PETER CRAWLEY on the theatre of sensory deprivation
It might seem ungrateful, but there’s little point in applauding a deaf performer. The equivalent gesture in sign language is to raise both hands up, as though waving in stereo, and briskly twist them at the wrist.
I have this on good authority.
I was recently at the Nalaga'at Centre in Israel, an airy complex by the sea with a theatre and a restaurant operated by deaf and blind staff. Nalaga'atis Hebrew for "do touch", a reassuring invitation for anyone unused to communicating without words.

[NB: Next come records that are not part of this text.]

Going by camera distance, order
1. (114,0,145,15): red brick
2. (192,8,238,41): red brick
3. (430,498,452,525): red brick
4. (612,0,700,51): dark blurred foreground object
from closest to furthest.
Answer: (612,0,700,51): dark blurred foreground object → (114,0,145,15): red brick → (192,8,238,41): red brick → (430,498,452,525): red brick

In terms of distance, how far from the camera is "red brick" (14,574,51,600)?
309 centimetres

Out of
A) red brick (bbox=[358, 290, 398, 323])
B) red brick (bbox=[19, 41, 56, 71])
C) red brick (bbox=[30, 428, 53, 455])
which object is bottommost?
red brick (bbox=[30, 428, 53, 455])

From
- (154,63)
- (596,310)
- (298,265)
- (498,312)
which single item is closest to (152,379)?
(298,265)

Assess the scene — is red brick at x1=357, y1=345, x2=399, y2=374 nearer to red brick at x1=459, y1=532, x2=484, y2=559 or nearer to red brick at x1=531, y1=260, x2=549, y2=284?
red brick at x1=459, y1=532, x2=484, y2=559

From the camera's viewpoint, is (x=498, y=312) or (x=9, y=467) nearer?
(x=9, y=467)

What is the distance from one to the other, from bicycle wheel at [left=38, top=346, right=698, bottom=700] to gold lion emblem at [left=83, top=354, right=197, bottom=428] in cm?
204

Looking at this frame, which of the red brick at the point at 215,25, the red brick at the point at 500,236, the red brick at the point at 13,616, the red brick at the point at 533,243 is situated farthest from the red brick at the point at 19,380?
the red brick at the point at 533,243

The Nalaga'at Centre, though, doesn't ask its patrons to behave any differently. A show called Not By Bread Alone, performed by 11 actors, most of them deaf and blind, was a gently affecting tale about living without a full complement of senses. It's immensely moving when a man explains that his loneliness is amplified into something almost intolerable when he can't just pick up a phone. The only alleviation in a universe of isolation is to be touched.
There was something more troubling about the show. A beautifully lit production, with scene changes, music cues, arresting spectacles and broad physical comedy, it was meant to be seen and heard. Its performers couldn’t access it the way the audience was asked to.
When somebody observed that it makes you appreciate your own life so much more, I found the response distasteful, embarrassing and completely understandable. We were tourists to their disability, more pitying customers to be entertained and consoled, than witnesses to their talents.
A few days later, I was in the Unsicht-bar in Berlin. (Yeah, I get around.) This is a “dark restaurant” run by the blind, in which patrons are led by waiting staff to a dining area where not a single photon of light intrudes. You’ve never seen such nothing.
Sitting down in a void to a meal which is described only with cryptic clues by the menu (the soup: “For the ritual they filled the sea with golden grain and a hot green is raising to a real treat”), I felt unnerved to the point of panic. Then I tried a bread roll and never tasted anything so intensely.
It’s hardly theatre, and it still struck me as disability tourism, but it shifted the possibilities in my mind of what a deaf or blind theatre could be.
The Abbey Theatre does great work in frequently facilitating assisted performances. Paines Plough, CoisCeim and comedian Adam Hills have all incorporated their sign interpreter into their performances. And Pan Pan, now the most experimental and internationally sought-after company in Ireland, was founded to incorporate deaf culture into a theatrical sensibility.
But a genuinely different deaf or blind theatre would provide the same sensory experience for every audience; something that required no interpreter, something that was touching without being sentimental; something that could be genuinely enlightening while leaving us completely in the dark.
I’m still not sure how it would work, exactly, but a tactile theatre of pure feeling is something I’d love to not see.